Spanish-born Minim friar and prelate

Francisco del Rincón, OM (29 January 1650 – 28 June 1723) was a Spanish-born Minim friar and prelate of the Catholic Church in the New World, in what is now the Dominican Republic, Venezuela, and Colombia.

From 1705 to 1714, Rincón was Archbishop of Santo Domingo, and was appointed Archbishop of Caracas in 1714, but he declined to accept the position. In 1716, he was appointed Archbishop of Santafé en Nueva Granada (now the Archdiocese of Bogotá), where he served until his death in 1723. He also had political influence in the Viceroyalty of New Granada, serving as President of the Royal Audience of Santafé de Bogotá from 1717 to 1718.

== Biography ==

=== Early life and education ===
Rincón was born on 29 January 1650 in Borox, Toledo, Spain. He was educated at the University of Bologna in Italy, where he graduated with a degree in theology.

=== Priesthood ===
Rincón joined the Order of Minims, where he held various leadership positions, including being the Provincial Superior of Castile. In Toledo, he served as synodal examiner of the Apostolic Nunciature, and qualifier of the Council of the Supreme and General Inquisition.

=== Episcopacy ===
On 14 December 1705, Rincón was appointed by Pope Clement XI to be Archbishop of Santo Domingo in what is now the Dominican Republic.
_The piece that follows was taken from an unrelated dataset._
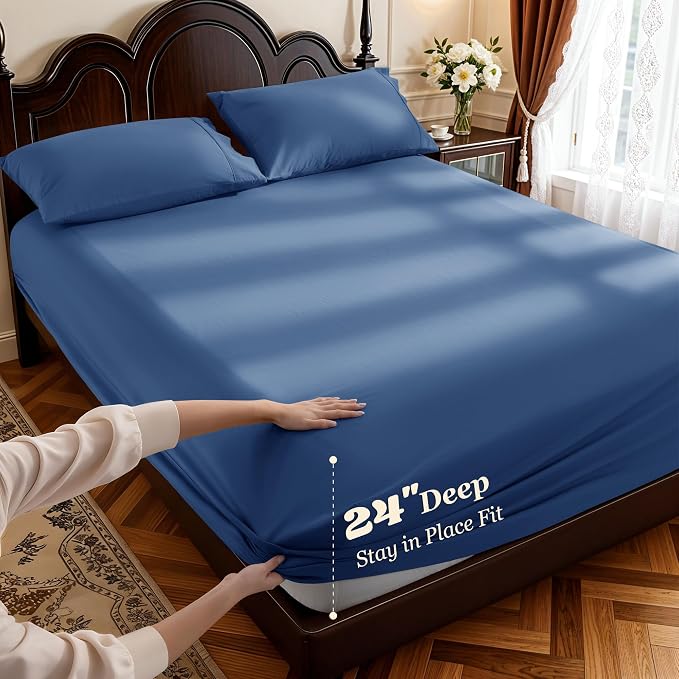 LBRO2M 100% Cotton Sheets Set Deep Pocket 24", 1000 Thread Count California - Image 2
His episcopal consecration took place on 29 June 1707, with Bishop of Santiago de Cuba Jerónimo Nosti de Valdés, OS Bas., serving as principal consecrator.
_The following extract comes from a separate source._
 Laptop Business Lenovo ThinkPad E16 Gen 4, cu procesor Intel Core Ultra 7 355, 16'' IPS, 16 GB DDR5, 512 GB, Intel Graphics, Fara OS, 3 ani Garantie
On 26 February 1714, Pope Clement XI appointed Rincón Archbishop of Caracas, but he never took possession of the archdiocese. On 5 October 1716 he was appointed by Pope Clement XI as Archbishop of Santafé en Nueva Granada (now the Archdiocese of Bogotá). From 1717 until June 1718, he served as the President of the Royal Audience of Santafé de Bogotá. He was installed in his position as archbishop on 24 January 1718. He died of illness, in Bogotá on 28 June 1723 and was buried in the Primatial Cathedral of Bogotá.

== Episcopal lineage ==
- Cardinal Guillaume d'Estouteville, OSB
- Pope Sixtus IV (1471)
- Pope Julius II (1481)
- Cardinal Raffaele Riario (1504)
- Pope Leo X (1513)
- Cardinal Alessandro Farnese (1519)
- Cardinal Francesco Pisani (1527)
- Cardinal Alfonso Gesualdo (1564)
- Pope Clement VIII (1592)
- Cardinal Pietro Aldobrandini (1604)
- Bishop Laudivio Zacchia (1605)
- Cardinal Antonio Barberini, OFM Cap (1625)
- Cardinal Marco Antonio Franciotti (1637)
- Cardinal Giambattista Spada (1643)
- Cardinal Carlo Pio di Savoia (1655)
- Archbishop Jaime de Palafox y Cardona (1677)
- Cardinal Luis Manuel Fernández de Portocarrero (1678)
- Patriarch Pedro Portocarrero y Guzmán (1691)
- Bishop Jerónimo Nosti de Valdés, OS Bas (1704)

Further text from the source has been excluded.